Ask HN: Do I really need a nontechnical person? - fachoper

I and my friend got an idea that can be very valuable if implemented nicely. I am the technical person and he is a business person.<p>Since I already had something to work when we thought about this project, I said to my friend that he should have matured details as I was finishing my task and getting my hands dirty with the required technologies.<p>Pretty long time has passed and although I am fully ready now to develop, he didn't do his homework and the model isn't even ready.<p>In short, if he doesn't help me for the business model, where else can he help me? I think, no where! Is it better to leave him and continue myself?
======
trueneverland
You probably didn't mean to phrase it as "technical vs nontechnical", and more
so your friend but it could come off that way for some.

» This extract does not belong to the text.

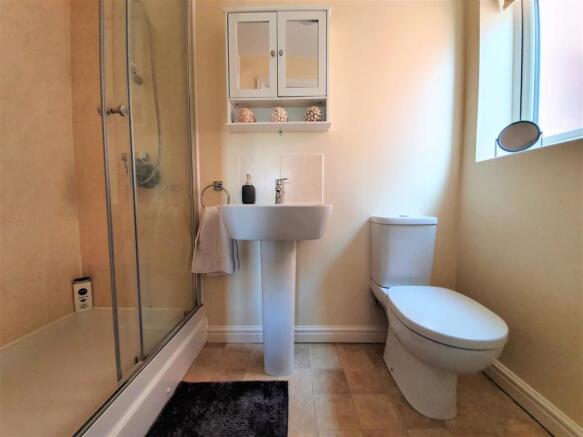 Master En-Suite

This is more specifically your friend not doing his job than it is about a
nontechnical vs technical person, just that he happens to be the person that
was suppose to be responsible for the non-technical parts of the idea right?

My advice is if you're clearly not happy with what he is doing, cut him loose,
move on.

------
klein0891
If he's pretty much a drag, I'd say drop him. Your partner must share the same
vigor as you do in building up a business.

Edit: I remember partnering up with a close friend of mine to build a website.
He kept procrastinating simple tasks which got me frustrated. It was even
hurting our friendship. I finally worked on the tasks myself and never brought
up serious website discussions with him again. We are still good friends now,
though.

------
patrickmclaren
My advice is stop looking at him as an involved "nontechnical person", and
start looking at him as a friend again, only one who is currently not helping
you, and maybe even leeching off of you, to some extent; cut him loose.

------
benologist
He's either de-prioritized what you're doing "together" or he's just talk,
either way don't start with someone who isn't or can't or won't be as
committed as you.

------
ivanb
It sounds like you already know the answer.